§ MATERIAL PROVIDED
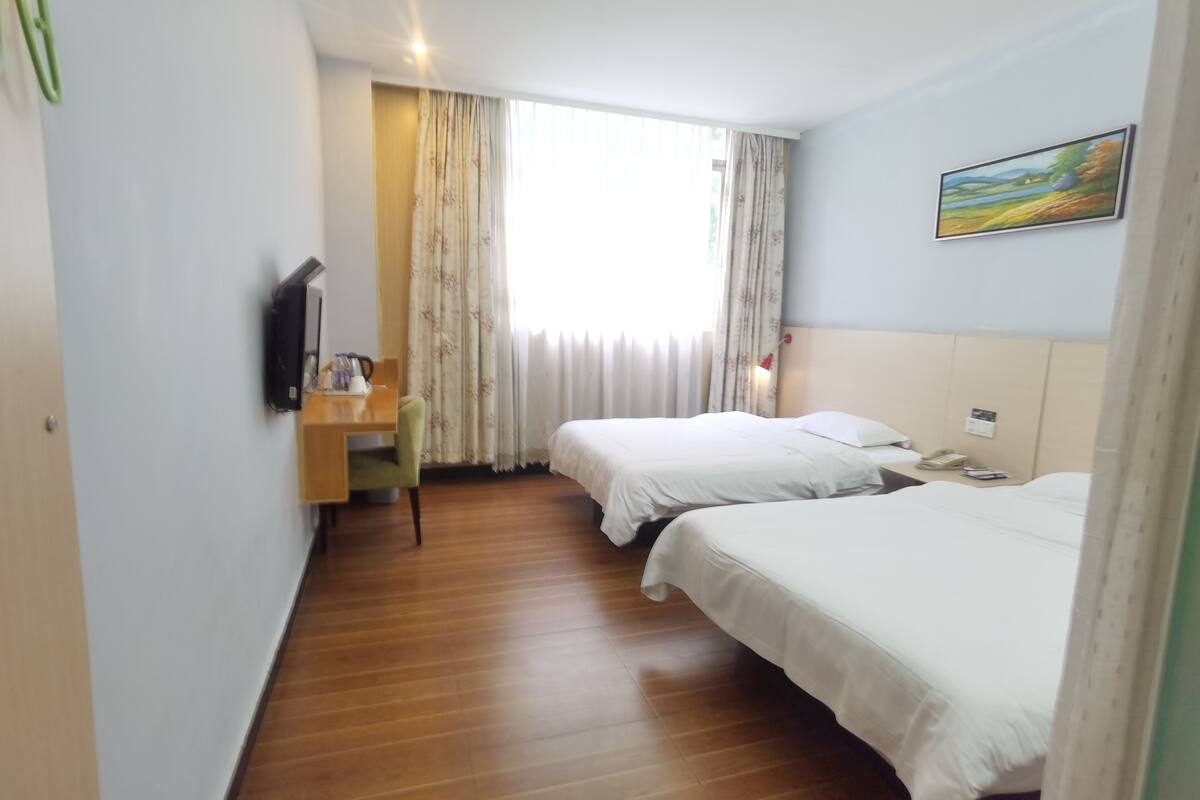 Escritorio, cortinas blackout y tabla de planchar con plancha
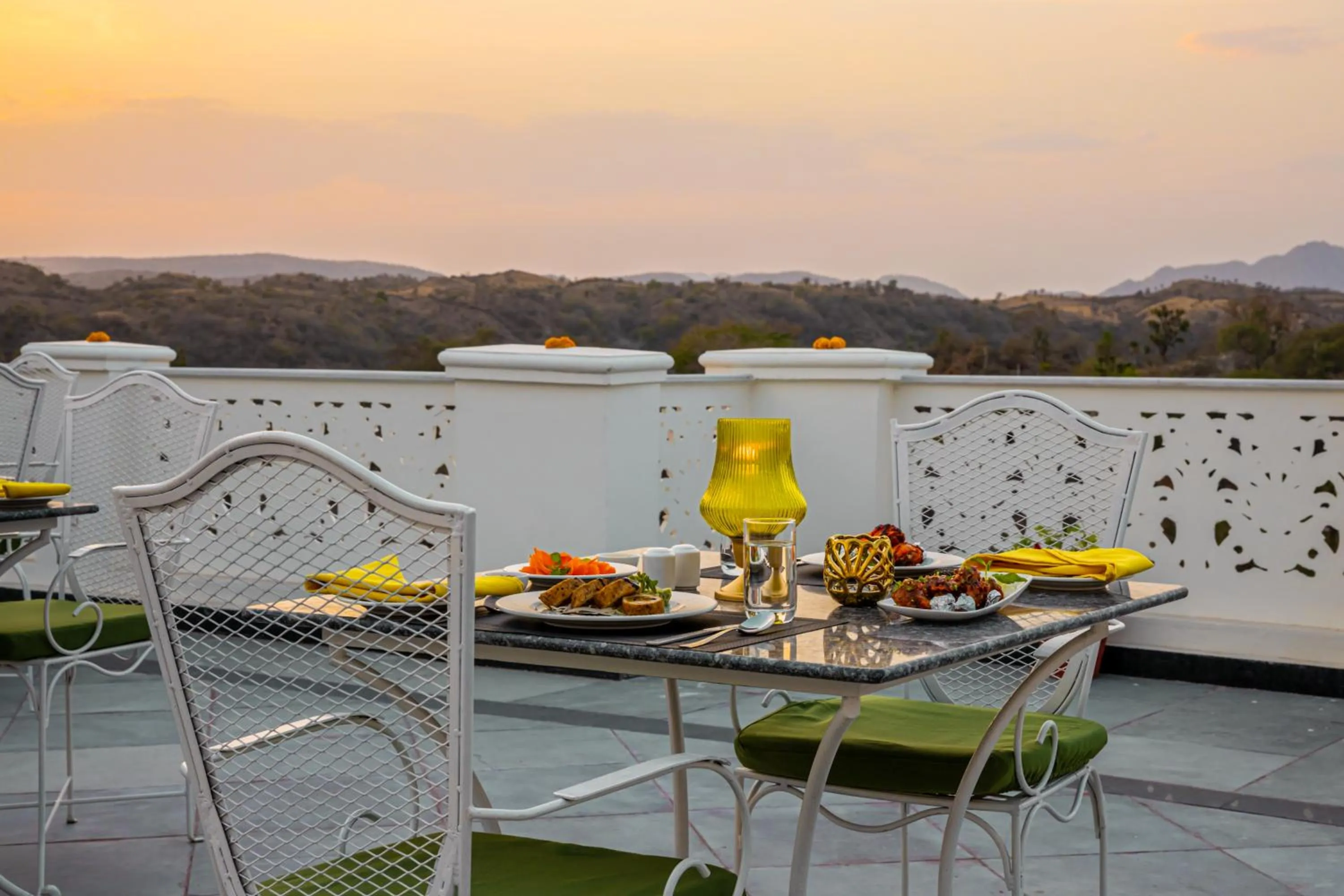 Restaurant/places to eat in Tree of Life Vantara Resort & Spa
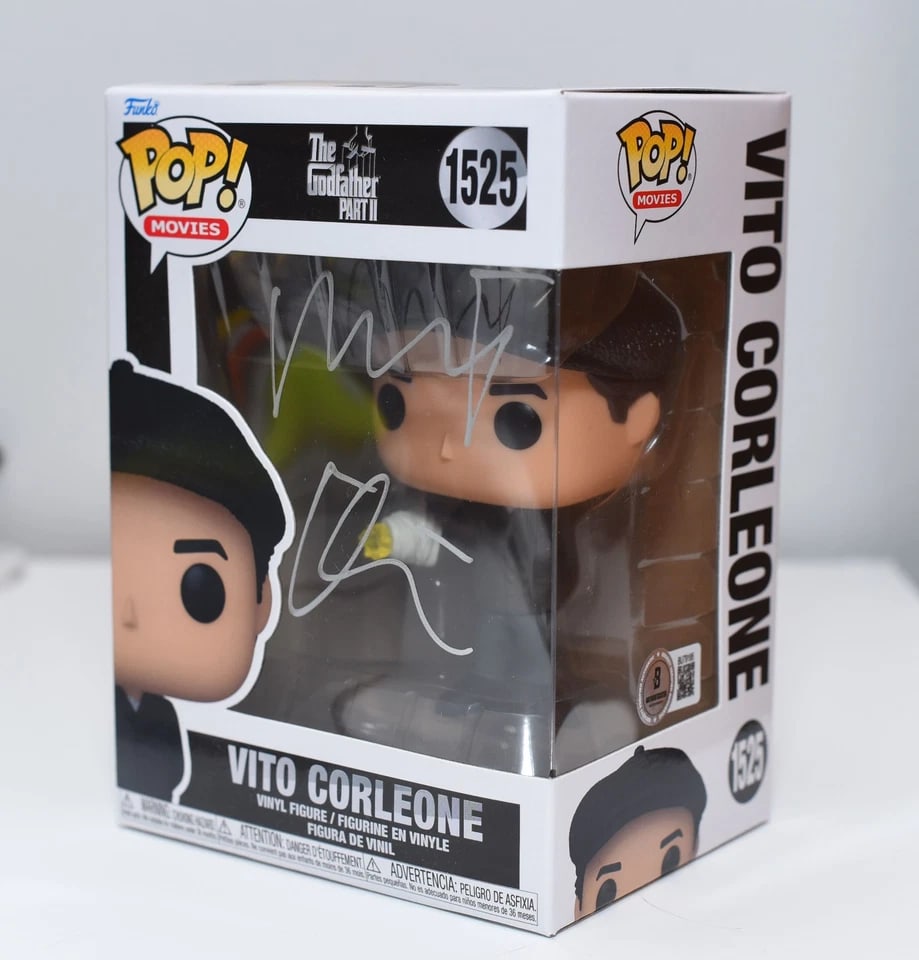 Godfather II: Robert DeNiro Signed "Vito Corleone" Funko Pop #1525 (Beckett Authentication) - 2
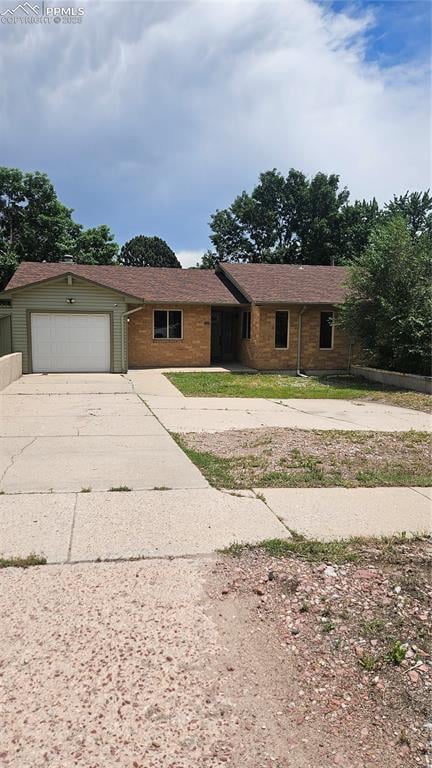 419 Chelton Rd, Colorado Springs, CO 80910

§ WHAT IS NEEDED
Could you output the listing word for word, omitting every picture?

§ REPLY TO THE EXERCISE
 Escritorio, cortinas blackout y tabla de planchar con plancha
 Restaurant/places to eat in Tree of Life Vantara Resort & Spa
 Godfather II: Robert DeNiro Signed "Vito Corleone" Funko Pop #1525 (Beckett Authentication) - 2
 419 Chelton Rd, Colorado Springs, CO 80910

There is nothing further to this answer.